• _Task details_: Copy exactly, and copy only, the lines from the one bearing "Крок о новом" through the final line of the records.
>>>>
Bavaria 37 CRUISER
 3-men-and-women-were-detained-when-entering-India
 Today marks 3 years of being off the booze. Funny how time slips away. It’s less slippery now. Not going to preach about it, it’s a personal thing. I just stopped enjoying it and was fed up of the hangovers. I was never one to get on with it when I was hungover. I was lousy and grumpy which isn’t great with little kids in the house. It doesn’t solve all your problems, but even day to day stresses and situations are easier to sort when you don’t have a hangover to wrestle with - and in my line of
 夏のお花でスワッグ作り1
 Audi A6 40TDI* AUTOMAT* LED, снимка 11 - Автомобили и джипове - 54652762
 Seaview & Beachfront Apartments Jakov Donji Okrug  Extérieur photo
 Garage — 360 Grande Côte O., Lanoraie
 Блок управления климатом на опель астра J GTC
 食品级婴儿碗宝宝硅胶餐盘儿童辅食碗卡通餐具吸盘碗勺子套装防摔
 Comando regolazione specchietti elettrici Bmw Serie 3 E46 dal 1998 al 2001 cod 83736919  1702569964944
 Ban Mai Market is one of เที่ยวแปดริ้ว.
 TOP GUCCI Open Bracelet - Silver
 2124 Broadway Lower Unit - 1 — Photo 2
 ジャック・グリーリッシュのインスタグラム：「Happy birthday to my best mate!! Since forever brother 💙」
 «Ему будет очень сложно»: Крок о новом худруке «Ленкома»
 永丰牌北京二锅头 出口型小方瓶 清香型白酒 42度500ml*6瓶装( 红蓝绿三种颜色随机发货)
<<<<
• _Answer section_:
 «Ему будет очень сложно»: Крок о новом худруке «Ленкома»
 永丰牌北京二锅头 出口型小方瓶 清香型白酒 42度500ml*6瓶装( 红蓝绿三种颜色随机发货)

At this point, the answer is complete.